Porque además de escribir cartas de manera frenética, Hamilton también se había plantado para mostrarle al mundo -o, por lo menos, a sus vecinos de Stirling- que no tenía razones para avergonzarse. Se quedó a vivir en su casa de siempre en la ciudad, montó un negocio de venta de electrodomésticos con el que se ganaba la vida y comenzó a organizar grupos de deportes para niños haciendo convenios con algunas escuelas de Dunblane, un pueblo cercano de menos de diez mil habitantes. En esos “clubes de actividades deportivas”, como los llamaba, se proponía no solo contribuir al desarrollo físico de los niños y los adolescentes sino también inculcarles los valores de la obediencia y la voluntad. “Mens sana in corpore sano”, como se dice. Allí Hamilton seguía librado su lucha contra la Asociación Escocesa de Boy Scouts demostrando que podía hacerlo mejor que ellos.

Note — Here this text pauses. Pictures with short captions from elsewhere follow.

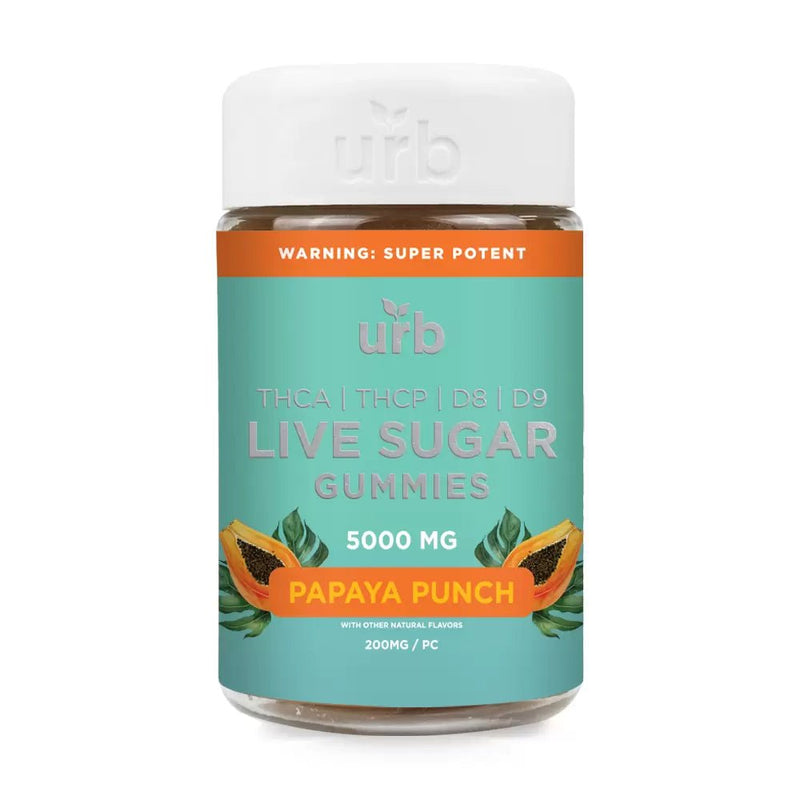 Urb Live Sugar Gummies 5000mg - Papaya Punch - Bandit Distribution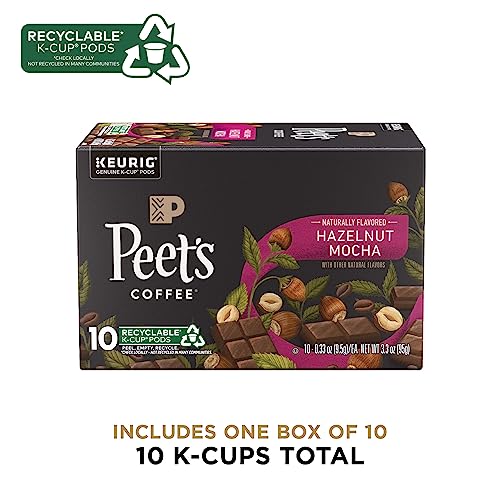 PEET’S COFFEE, FLAVORED LIGHT ROAST KEURIG K-CUP PODS – HAZELNUT MOCHA 10 COUNT (1 BOX OF 10 K-CUP PODS)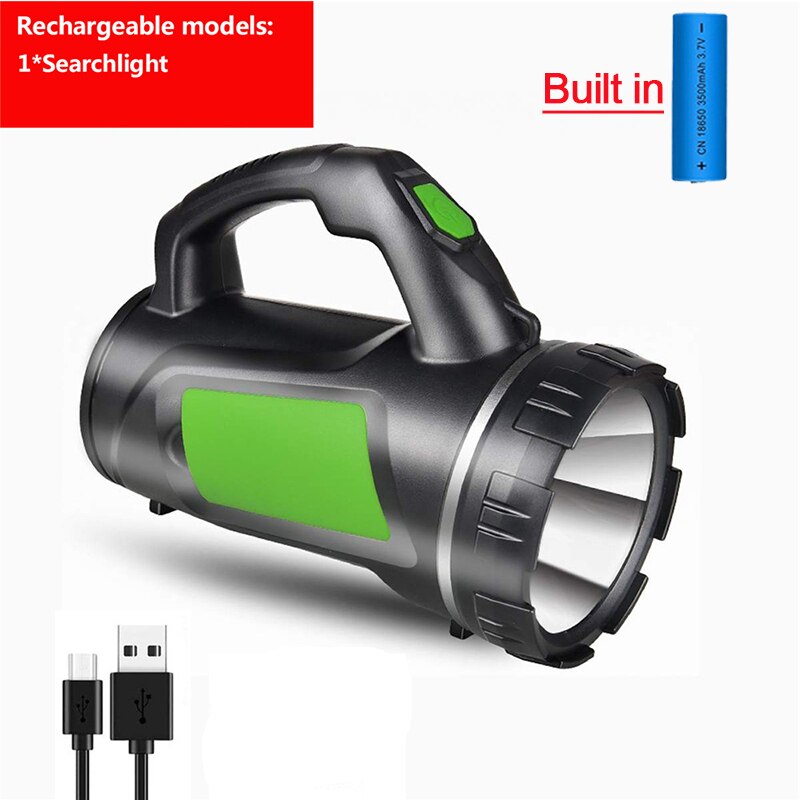 Kraftig 280w arbeidslys usb oppladbart søkelys vanntett lommelykt søkelyset ledet campinglys med sidelyslykt: Pakke e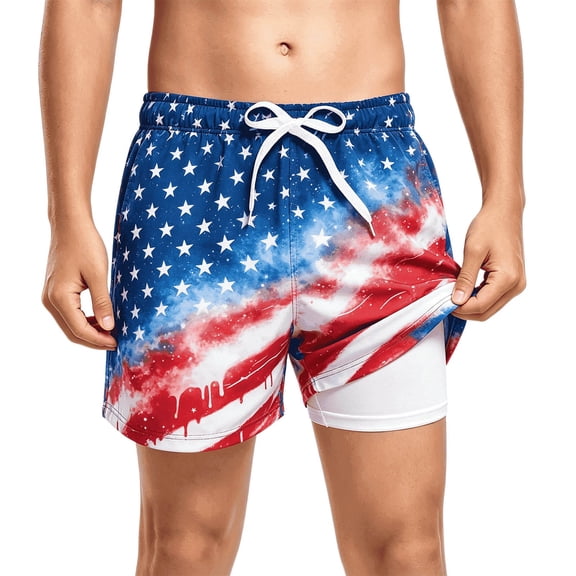 WEIGFI Child Toddler Boys Swimwear Swim Trunks Ice Print Board Shorts Us National Flag Independence Day Graphic Patriotic Bottoms Elastic Waist Water Play Stylish Beach Bathing Suit,Blue,2-3 Years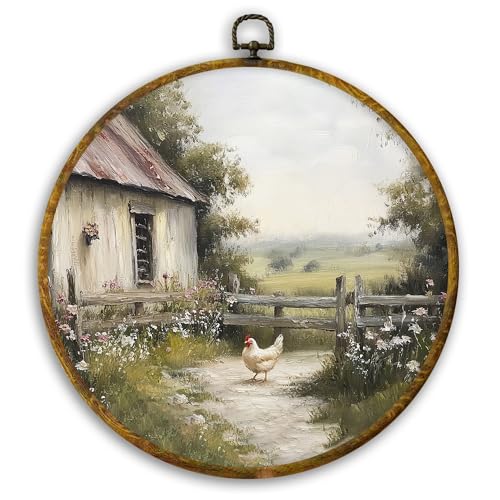 Vintage Countryside Farmhouse Chickens Round Wall Art (Colour 15)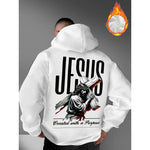 Loose Fit Jesus Print Hoodie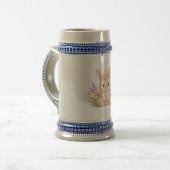 Pastell-Hasen-Wildblumen-Illustration Bierglas (Vorderseite Links)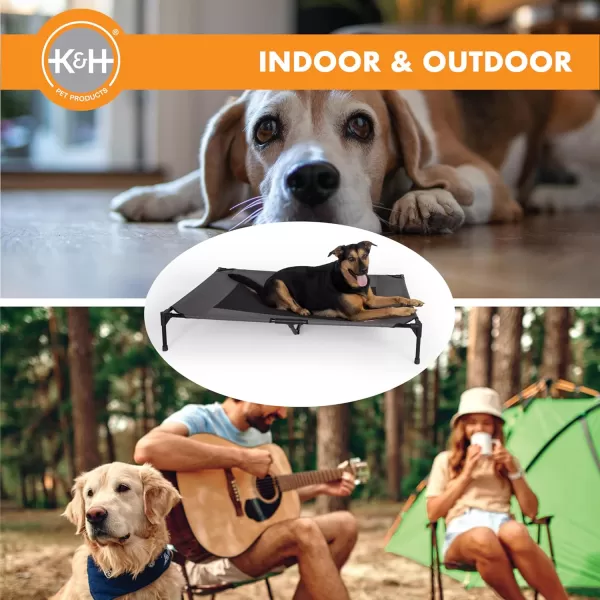 imageKampampH Pet Products Dog Cots Beds for Large Dog Elevated Outdoor Dog Cot Bed Raised Dog Hammock Cooling Bed Washable Portable Dog Cot Heavy Duty Durable Metal Frame Jumbo CharcoalBlack Mesh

En Dunblane se valoraban las actividades que desarrollaba en sus clubes para chicos, pero nadie tomaba muy en serio a ese cuarentón de rostro regordete a quien los chicos llamaban “Míster Creepy” (señor espeluznante) y los padres apodaban “Spock”, por el personaje extraterrestre de extraño aspecto que Leonard Nimoy encarnaba de la serie Viaje a las Estrellas.

Rumores y tensiones
Así estaban las cosas hasta que, también en ese pequeño pueblo, comenzaron a correr rumores sobre Hamilton. Uno de ellos decía que en las paredes del living de “Míster Creepy” en Stirling se podían ver numerosas fotos de niños en traje de baño, que si bien distaban de ser pornográficas eran, por lo menos, inquietantes. También se empezó a decir que “Spock” hacía correr desnudos a los chicos dentro del vestuario. La situación empeoró cuando se supo que, años antes, la policía lo había investigado cuatro veces a raíz de quejas de padres, aunque en todos los casos quedó libre de culpa y cargo.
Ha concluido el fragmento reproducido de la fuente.